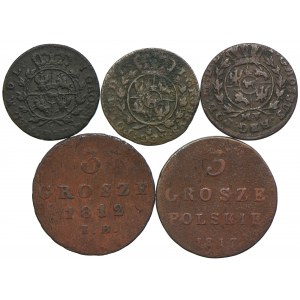 Zestaw groszy 1765-1817 (5szt.)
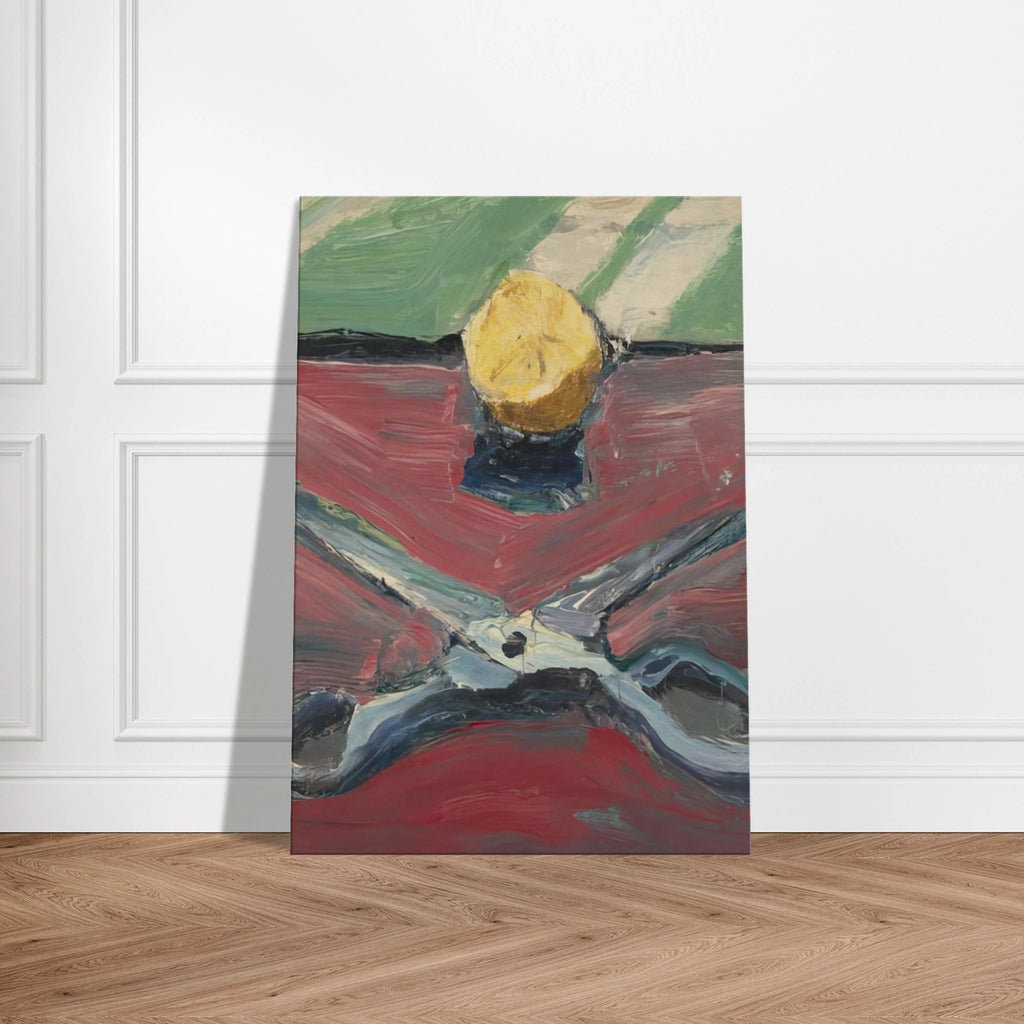 Scissors and Lemon, II Canvas | Richard Diebenkorn Canvas | Richard Diebenkorn Shop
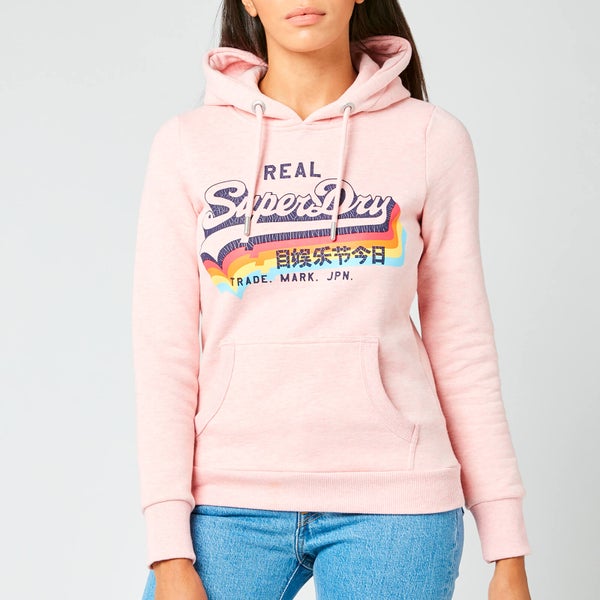 Superdry Women's Vl Ns Hoodie - Shell Pink Marl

**WHAT THIS TASK INVOLVES:**
The expected output is every line of the data, unchanged, with the pictures skipped.

**REPLY:**
 Zestaw groszy 1765-1817 (5szt.)
 Scissors and Lemon, II Canvas | Richard Diebenkorn Canvas | Richard Diebenkorn Shop
 Superdry Women's Vl Ns Hoodie - Shell Pink Marl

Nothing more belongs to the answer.